A time-correlation function approach to nuclear dynamical effects in X-ray spectroscopy

TL;DR

This paper introduces a novel time-correlation function approach to incorporate nuclear dynamical effects into X-ray spectroscopy, enhancing the understanding of nuclear-electronic interactions in complex environments.

Contribution

It presents an alternative derivation and implementation of a protocol to account for nuclear dynamics in X-ray spectra, demonstrated on water samples.

Findings

Nuclear motions influence specific spectral features.

Correlation functions reveal dynamics of electronic energy gaps.

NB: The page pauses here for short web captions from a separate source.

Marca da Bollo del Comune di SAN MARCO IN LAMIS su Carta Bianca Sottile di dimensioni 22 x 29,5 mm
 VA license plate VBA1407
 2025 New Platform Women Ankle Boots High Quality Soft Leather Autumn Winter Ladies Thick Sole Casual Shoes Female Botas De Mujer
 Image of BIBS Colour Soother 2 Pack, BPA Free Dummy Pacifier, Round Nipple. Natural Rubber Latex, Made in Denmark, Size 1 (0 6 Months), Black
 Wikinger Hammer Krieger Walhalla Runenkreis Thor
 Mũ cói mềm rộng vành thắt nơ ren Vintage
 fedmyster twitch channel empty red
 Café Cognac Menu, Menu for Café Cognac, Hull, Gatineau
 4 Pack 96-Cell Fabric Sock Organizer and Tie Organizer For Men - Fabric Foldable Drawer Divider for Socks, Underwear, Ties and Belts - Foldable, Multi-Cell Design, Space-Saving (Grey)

Harmonic model explains observed spectral tendencies.

Abstract

Modern X-ray spectroscopy has proven itself as a robust tool for probing the electronic structure of atoms in complex environments. Despite working on energy scales that are much larger than those corresponding to nuclear motions, taking nuclear dynamics and the associated nuclear correlations into account may be of importance for X-ray spectroscopy. Recently, we have developed an efficient protocol to account for nuclear dynamics in X-ray absorption and resonant inelastic X-ray scattering spectra [Karsten \textit{et al.} arXiv:1608.03436], based on ground state molecular dynamics accompanied with state-of-the-art calculations of electronic excitation energies and transition dipoles. Here, we present an alternative derivation of the formalism and elaborate on the developed simulation protocol on the examples of gas phase and bulk water. The specific spectroscopic features stemming from the nuclear motions are analyzed and traced down to the dynamics of electronic energy gaps and transition dipole correlation functions. The observed tendencies are explained on the basis of a simple harmonic model and the involved approximations are discussed. The method represents a step forward over the conventional approaches treating the system in full complexity and provides a reasonable starting point for further improvements.